Heteroskedasticityintermediate

Heteroskedasticity

Heteroskedasticity means the error variance changes with the regressors, $\mathrm{Var}(u\mid x_1,\dots,x_k)=\sigma^2(x)$ rather than a constant $\sigma^2$ . It violates the homoskedasticity assumption (MLR.5), the last piece of Gauss-Markov. The consequences are sharply bounded: OLS coefficients stay unbiased and consistent, and $R^2$ is unaffected, because none of those properties uses MLR.5. What breaks is inference: the usual standard error formula is wrong, so the reported $t$ statistics, $F$ statistics, and confidence intervals are invalid. This node is the hub of the violation, test, remedy chain for the variance assumption.

Try it yourself

Classical vs robust standard errors

The error spread grows with x (heteroskedasticity), yet the OLS slope stays unbiased. What breaks is the standard error: the classical SE is invalid here, while the robust (HC1) SE — Stata’s , robust — is asymptotically valid. The point estimate is fixed by construction, so only the SEs move.

SE(b₁)classical 0.158vsrobust 0.2141.36×

95% confidence interval for the slope b₁ (same centre, different width)

Slope b₁ (fixed by construction) 0.80Robust ÷ classical SE 1.36×

Heteroskedasticity6.0

The slope estimate is 0.80 at every setting, so heteroskedasticity has not biased it. But the classical SE (0.158) is invalid here, while the robust SE (0.214) is asymptotically valid. In this design robust is 1.36× the classical, so the classical confidence interval is too narrow and its t-test overstates significance.

Robust here is HC1 (finite-sample adjusted), the same estimator as Stata’s regress y x, robust. It is asymptotically valid, not exactly correct, and need not be larger in general — it simply happens to be larger in this rising-variance design.

Why it matters

Picture a scatter of household savings against income. At low incomes the points hug the regression line; at high incomes they fan out, because richer households have far more discretion over how much to save. The line through the cloud is still in the right place on average, so the slope estimate is fine. The problem is that OLS, told the spread is the same everywhere, miscounts how precise the slope is. It leans too hard on the noisy high-income points and reports a standard error that no longer matches reality, so every $t$ and $F$ test built on it is untrustworthy.

Formulas

Homoskedasticity (MLR.5), the assumption that fails

\mathrm{Var}(u \mid x_1, \dots, x_k) = \sigma^2

Heteroskedasticity replaces the constant

\sigma^2

with

\sigma^2(x)

, a variance that depends on the explanatory variables.

True slope variance (simple regression) vs the formula OLS reports

\mathrm{Var}(\hat{\beta}_1) = \frac{\sum_{i=1}^{n} (x_i - \bar{x})^2 \, \sigma_i^2}{\left[\sum_{i=1}^{n} (x_i - \bar{x})^2\right]^2}

Under homoskedasticity every

\sigma_i^2=\sigma^2

and this collapses to

\sigma^2 / \mathrm{SST}_x

, the usual textbook formula.
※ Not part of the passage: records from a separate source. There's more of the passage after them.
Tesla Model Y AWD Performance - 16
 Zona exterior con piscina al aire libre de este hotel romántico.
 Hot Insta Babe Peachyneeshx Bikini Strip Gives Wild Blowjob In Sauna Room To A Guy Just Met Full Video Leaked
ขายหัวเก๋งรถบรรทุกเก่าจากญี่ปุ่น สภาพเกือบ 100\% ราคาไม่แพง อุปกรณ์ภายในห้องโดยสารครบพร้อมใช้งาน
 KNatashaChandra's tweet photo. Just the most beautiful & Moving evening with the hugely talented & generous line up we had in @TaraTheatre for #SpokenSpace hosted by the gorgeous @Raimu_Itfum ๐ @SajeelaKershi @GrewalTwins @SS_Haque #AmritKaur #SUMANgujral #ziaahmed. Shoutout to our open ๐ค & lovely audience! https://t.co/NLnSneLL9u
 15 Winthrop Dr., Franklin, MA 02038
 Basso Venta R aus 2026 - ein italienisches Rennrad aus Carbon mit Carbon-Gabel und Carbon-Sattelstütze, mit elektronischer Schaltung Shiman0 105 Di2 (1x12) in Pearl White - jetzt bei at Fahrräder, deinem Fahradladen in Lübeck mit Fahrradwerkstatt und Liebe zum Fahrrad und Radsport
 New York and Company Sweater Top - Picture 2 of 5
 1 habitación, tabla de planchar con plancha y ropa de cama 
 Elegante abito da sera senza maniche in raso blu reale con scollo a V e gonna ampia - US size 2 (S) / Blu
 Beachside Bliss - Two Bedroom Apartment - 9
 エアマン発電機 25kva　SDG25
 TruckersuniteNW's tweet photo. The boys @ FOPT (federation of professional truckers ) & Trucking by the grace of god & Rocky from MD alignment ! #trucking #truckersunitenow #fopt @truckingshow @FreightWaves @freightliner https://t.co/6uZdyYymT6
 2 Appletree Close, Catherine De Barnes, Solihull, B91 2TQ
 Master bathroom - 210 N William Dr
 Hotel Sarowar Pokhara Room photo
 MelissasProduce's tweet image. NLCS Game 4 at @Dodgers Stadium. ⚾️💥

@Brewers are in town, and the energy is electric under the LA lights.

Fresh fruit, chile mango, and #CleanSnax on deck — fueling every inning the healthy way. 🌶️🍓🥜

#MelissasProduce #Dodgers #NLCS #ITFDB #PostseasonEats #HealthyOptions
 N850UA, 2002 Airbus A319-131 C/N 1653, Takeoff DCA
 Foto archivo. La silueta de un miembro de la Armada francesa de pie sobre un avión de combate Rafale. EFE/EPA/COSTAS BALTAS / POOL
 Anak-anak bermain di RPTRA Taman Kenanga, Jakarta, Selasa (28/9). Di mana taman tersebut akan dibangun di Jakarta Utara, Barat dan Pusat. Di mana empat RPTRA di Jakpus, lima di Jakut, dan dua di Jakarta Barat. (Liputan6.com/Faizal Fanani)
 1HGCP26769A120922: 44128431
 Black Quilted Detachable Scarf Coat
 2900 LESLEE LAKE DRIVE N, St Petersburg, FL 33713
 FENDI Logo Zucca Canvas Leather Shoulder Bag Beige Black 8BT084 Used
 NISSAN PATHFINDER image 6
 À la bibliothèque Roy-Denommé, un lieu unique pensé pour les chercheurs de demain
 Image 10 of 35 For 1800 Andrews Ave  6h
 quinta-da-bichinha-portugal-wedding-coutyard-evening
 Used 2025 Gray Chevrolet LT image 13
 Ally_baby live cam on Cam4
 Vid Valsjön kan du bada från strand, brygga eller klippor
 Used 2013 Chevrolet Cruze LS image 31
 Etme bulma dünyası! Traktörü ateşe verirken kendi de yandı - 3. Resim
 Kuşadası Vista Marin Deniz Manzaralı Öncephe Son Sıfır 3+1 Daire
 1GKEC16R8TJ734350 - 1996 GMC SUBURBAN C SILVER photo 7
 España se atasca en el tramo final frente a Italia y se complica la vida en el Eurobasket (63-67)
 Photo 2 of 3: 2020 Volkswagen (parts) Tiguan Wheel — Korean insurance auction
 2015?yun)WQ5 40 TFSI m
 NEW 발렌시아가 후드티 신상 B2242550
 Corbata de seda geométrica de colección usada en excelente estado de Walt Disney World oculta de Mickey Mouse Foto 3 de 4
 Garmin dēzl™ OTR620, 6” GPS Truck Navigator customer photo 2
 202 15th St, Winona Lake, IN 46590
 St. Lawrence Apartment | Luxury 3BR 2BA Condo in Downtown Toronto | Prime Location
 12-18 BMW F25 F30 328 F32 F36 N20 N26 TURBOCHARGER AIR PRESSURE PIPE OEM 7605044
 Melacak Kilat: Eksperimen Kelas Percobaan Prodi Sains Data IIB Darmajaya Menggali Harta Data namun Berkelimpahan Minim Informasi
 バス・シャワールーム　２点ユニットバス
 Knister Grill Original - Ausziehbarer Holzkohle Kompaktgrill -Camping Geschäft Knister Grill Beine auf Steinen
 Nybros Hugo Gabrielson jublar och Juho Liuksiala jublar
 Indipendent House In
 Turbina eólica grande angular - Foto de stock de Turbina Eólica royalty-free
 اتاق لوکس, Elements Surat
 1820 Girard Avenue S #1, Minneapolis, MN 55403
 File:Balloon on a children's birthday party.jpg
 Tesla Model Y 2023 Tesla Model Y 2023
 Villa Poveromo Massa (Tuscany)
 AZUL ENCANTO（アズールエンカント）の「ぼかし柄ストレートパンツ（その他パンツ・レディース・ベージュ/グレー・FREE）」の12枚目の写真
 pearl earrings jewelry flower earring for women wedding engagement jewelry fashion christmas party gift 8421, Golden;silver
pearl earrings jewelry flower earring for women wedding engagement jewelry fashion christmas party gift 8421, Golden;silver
When the

\sigma_i^2

differ, that simple formula is biased, so the reported SE is wrong.

Worked examples

Scenario

You regress household saving on income, family size, and age in Stata and want a first read on whether the error variance is constant before trusting the t statistics.

Solution

Run `regress saving inc size age`, then plot the squared residuals against fitted values with `rvfplot, yline(0)`. A funnel that widens with fitted saving is the visual signature of heteroskedasticity. Because OLS is still unbiased, the point estimates are usable, but you should not report the default standard errors until you have either tested the variance or switched to robust SEs.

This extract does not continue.